Does the fact that Judas had to betray Jesus mean that God made him do it?
This text is from a letter written by David Gooding in 1991.
In response to your question:
You say that Judas 'had to betray Jesus'. That is interesting, for the Bible itself nowhere says this. Do you mean to imply that if Judas had not betrayed Jesus, the Jewish high priests would have given up all attempts to have Jesus arrested and killed, because they could not have done it without Judas? How do you know this?
Suppose a tall building stands at a corner where Road A and Road B meet at right angles. Two cars are driving at high speed: one along Road A and the other along Road B, towards the corner. The drivers cannot see each other; but an observer standing on the roof can see both cars, and can see they are going so fast that they will collide. Does the fact that the observer can predict that these two cars will collide make them collide? The fact that Jesus knew that Judas was going to betray him does not mean, does it, that Jesus made Judas betray him (see John 6:70–72)?

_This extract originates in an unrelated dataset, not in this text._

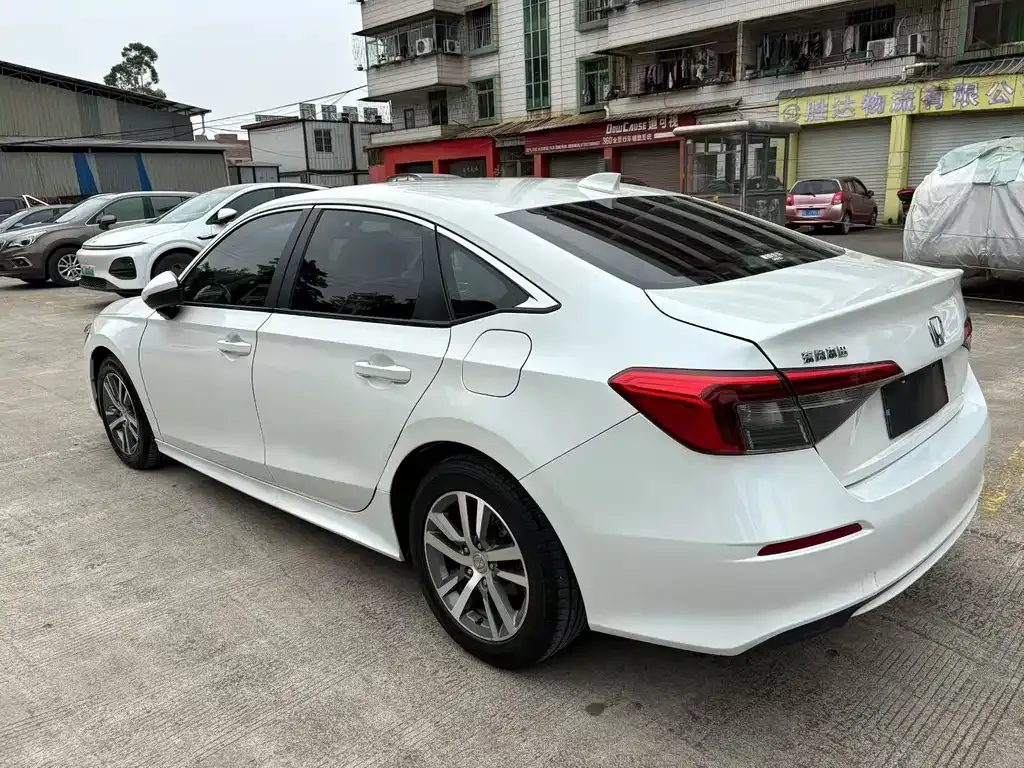 Honda Civic — фото 8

God could foresee that men were so sinful that they would crucify his Son. Read the parable in Luke 20:9–18; do you think that the owner of the vineyard, by sending his son, made the husbandmen murder his son?
How better could God demonstrate his love than by allowing men to crucify his Son, and by loving them just the same, in spite of it, and by offering them salvation through that death (see Acts 2:23, 38; 3:13–19; Rom 5:7–10)?